THE PROBLEM | Using the data below, restate exactly every line from the one with "Integrated Protection And" up to and including the one with "Monstera Finesse Line Art". No picture belongs in it.

DATA EXTRACT |
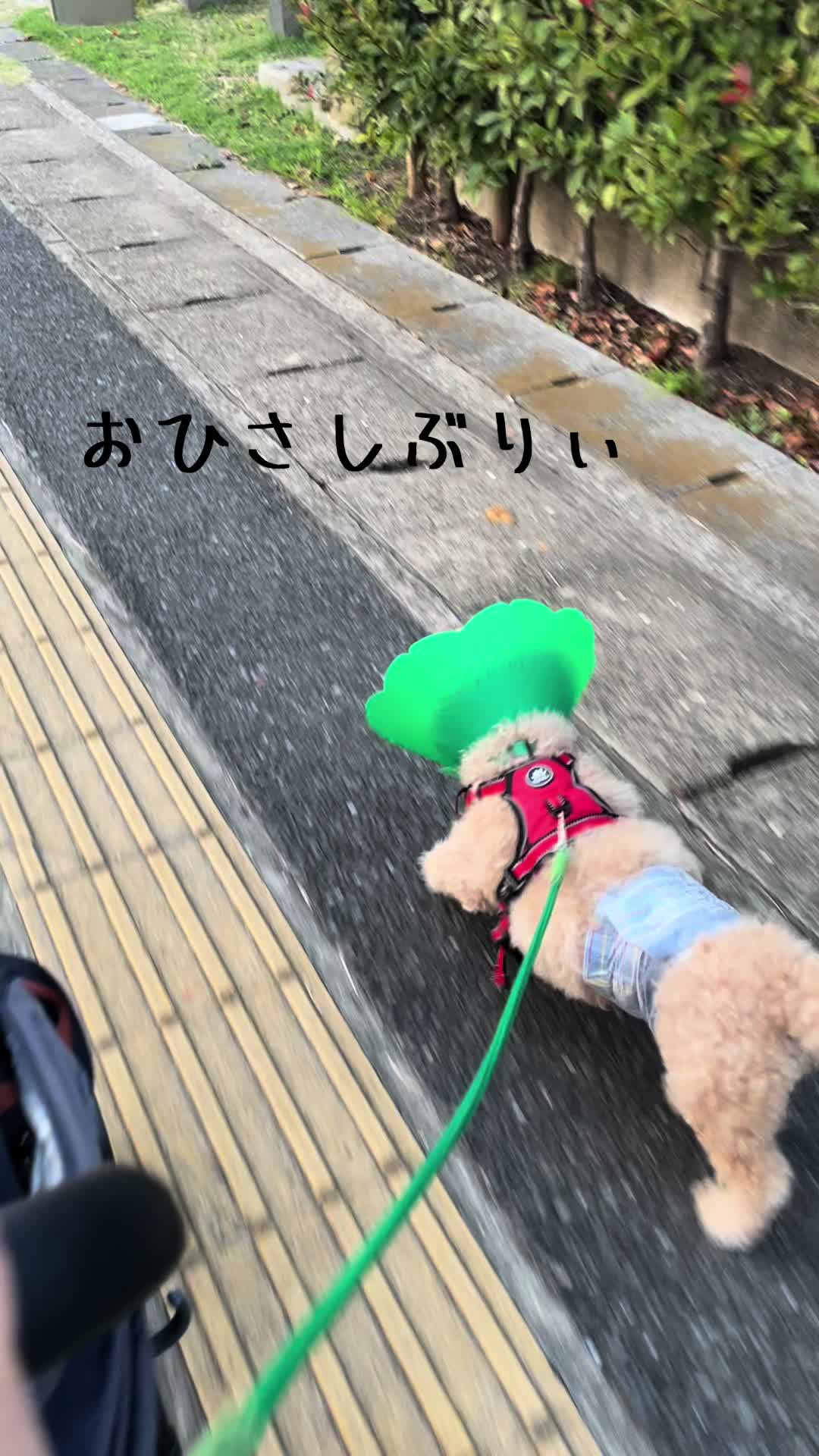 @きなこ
==
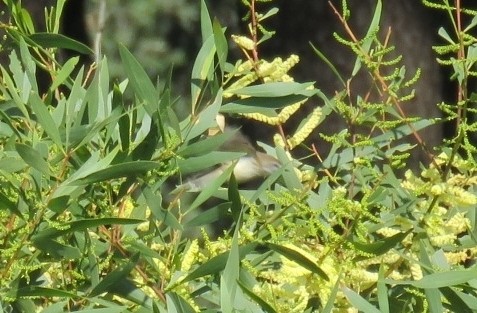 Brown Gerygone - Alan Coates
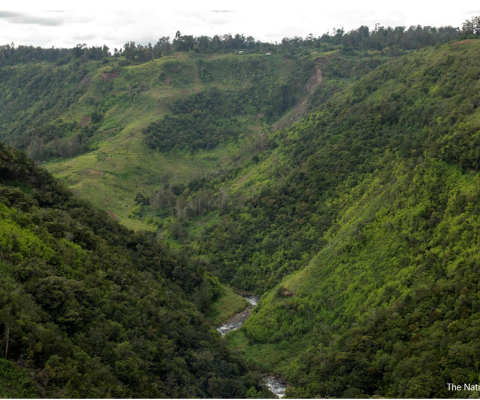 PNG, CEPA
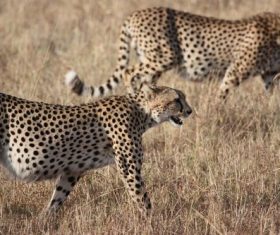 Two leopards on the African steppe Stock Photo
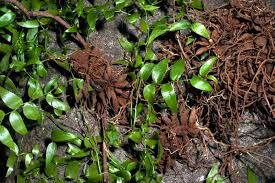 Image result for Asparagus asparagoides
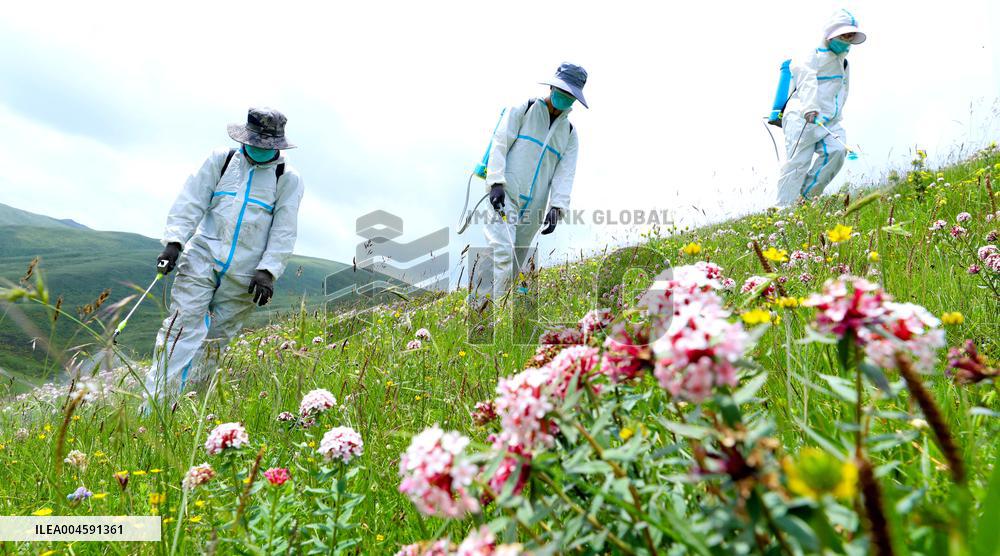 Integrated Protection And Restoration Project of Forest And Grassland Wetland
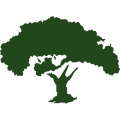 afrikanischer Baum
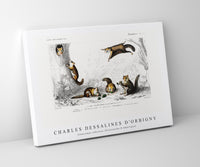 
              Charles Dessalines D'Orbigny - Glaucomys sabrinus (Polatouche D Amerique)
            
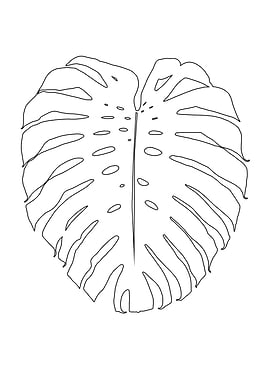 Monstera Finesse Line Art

TASK OUTPUT |
 Integrated Protection And Restoration Project of Forest And Grassland Wetland
 afrikanischer Baum
              Charles Dessalines D'Orbigny - Glaucomys sabrinus (Polatouche D Amerique)
            
 Monstera Finesse Line Art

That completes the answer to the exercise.